Old is gold, and so is wisdom! The Greeks are not claimed to be among the first most advanced civilizations for no reason. A new research indicates that the wise, old ones of ancient Greece knew the many usages of the famed olive oil.
The research, conducted by Adelphi University's Anagnostis Agelarakis, has outlined the use of olives and olive oil in antiquity, ancient and traditional cultivation methods, and olives and human nutrition and health.
Olive oil was not only considered as a health product in ancient Greece, but something that had in essence a divine power embedded in it - defined in a pragmatic way, not in a occult or abstract way.

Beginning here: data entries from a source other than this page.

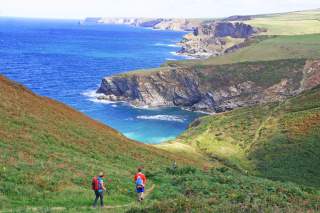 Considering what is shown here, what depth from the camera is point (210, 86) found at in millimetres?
138000

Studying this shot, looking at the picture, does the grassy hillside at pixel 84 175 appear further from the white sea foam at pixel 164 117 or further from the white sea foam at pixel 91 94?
the white sea foam at pixel 91 94

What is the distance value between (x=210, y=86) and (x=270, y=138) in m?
71.5

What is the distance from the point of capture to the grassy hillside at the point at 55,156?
24500mm

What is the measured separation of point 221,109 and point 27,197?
10958cm

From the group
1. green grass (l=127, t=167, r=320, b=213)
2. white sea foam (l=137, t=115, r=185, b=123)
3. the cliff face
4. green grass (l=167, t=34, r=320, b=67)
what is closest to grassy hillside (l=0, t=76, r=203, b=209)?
green grass (l=127, t=167, r=320, b=213)

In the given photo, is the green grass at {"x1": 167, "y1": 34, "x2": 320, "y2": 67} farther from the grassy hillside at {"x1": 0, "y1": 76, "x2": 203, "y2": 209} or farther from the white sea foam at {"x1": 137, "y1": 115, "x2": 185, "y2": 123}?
the grassy hillside at {"x1": 0, "y1": 76, "x2": 203, "y2": 209}

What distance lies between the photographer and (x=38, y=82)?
151875 millimetres

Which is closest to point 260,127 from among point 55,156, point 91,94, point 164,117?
point 164,117

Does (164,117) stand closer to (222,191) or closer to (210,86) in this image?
(210,86)

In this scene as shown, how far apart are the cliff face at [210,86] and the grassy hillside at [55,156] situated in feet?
279

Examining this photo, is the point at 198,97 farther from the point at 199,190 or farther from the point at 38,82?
the point at 199,190

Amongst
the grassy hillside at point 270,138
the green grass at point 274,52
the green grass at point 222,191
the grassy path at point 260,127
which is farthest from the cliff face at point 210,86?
the green grass at point 222,191

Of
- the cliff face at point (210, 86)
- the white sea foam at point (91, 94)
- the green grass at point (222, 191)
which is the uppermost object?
the green grass at point (222, 191)

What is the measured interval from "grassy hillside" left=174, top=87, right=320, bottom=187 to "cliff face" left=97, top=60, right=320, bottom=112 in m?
42.6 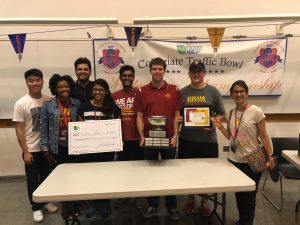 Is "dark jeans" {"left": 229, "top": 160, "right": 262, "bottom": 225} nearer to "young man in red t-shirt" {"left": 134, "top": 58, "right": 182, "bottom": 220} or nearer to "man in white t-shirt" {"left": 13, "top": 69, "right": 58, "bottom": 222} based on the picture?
"young man in red t-shirt" {"left": 134, "top": 58, "right": 182, "bottom": 220}

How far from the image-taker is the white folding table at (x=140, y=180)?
1795 millimetres

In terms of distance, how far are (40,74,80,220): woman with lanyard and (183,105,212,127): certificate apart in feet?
3.41

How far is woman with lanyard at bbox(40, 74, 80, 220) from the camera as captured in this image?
254 centimetres

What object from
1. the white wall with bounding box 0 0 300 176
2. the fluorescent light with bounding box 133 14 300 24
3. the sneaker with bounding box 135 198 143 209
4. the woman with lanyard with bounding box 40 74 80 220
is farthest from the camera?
the white wall with bounding box 0 0 300 176

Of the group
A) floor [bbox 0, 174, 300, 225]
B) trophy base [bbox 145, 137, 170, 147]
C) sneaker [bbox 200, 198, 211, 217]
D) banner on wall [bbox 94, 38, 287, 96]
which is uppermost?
banner on wall [bbox 94, 38, 287, 96]

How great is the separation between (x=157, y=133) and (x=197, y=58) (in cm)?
183

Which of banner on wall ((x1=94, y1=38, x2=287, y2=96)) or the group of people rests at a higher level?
banner on wall ((x1=94, y1=38, x2=287, y2=96))

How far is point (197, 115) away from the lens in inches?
98.7

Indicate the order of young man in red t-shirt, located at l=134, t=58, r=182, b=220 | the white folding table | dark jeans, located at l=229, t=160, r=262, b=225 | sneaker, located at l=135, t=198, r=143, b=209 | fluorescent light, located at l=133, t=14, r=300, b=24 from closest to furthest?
the white folding table < dark jeans, located at l=229, t=160, r=262, b=225 < young man in red t-shirt, located at l=134, t=58, r=182, b=220 < fluorescent light, located at l=133, t=14, r=300, b=24 < sneaker, located at l=135, t=198, r=143, b=209

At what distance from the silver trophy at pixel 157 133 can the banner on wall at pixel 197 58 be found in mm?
1589

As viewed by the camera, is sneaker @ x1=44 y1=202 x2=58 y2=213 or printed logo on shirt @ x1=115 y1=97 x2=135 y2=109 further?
sneaker @ x1=44 y1=202 x2=58 y2=213

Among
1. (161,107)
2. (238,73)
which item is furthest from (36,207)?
(238,73)

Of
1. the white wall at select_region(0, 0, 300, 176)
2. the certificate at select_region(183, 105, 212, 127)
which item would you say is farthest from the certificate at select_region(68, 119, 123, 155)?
the white wall at select_region(0, 0, 300, 176)

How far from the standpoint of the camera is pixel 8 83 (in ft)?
12.1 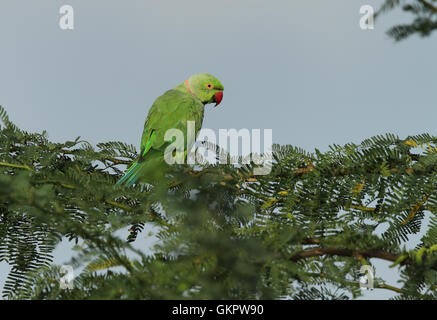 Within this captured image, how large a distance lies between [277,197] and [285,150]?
1.06 ft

It was not only used in the Olympic Games to anoint the athletes, but whenever somebody would be in the gymnasium or the palaestra, they used to apply olive oil on their body surfaces.
The people of that time period had a particular type of scraper (strigil) that they used to then collect all the olive oil and sweat and so on that had accumulated on their skin surface.
Olive oil was also considered a necessary item for daily sustenance.
It was used to cook with and also used in the raw form in a salad dressing. In fact, a salad dressing of the ancient Greeks involved olive oil, extra virgin olive oil, vinegar, sea salt, and some honey and that then was shaken well, and it was drizzled over salads that they were preparing for eating.
Another usage of olive oil was that it was used as a base for making perfumes because it has the tendency to stay on the human skin for quite some time as it is fat soluble.
A definite proof that olive oil had a predominant place in daily lives of people in ancient Greece is the number of references to it in comedy plays of that period.
For example, in the play 'Pluto', by Aristophanes, it says that the container is full of white flour, the wine jar is run over with great wine, and the tank is full of oil, the vials with perfumes.
Mythology also speaks greatly about the importance of the oil, with the prominent example being the myth that the Athenians chose Athena instead of Poseidon as their patron deity after she offered them the olive tree.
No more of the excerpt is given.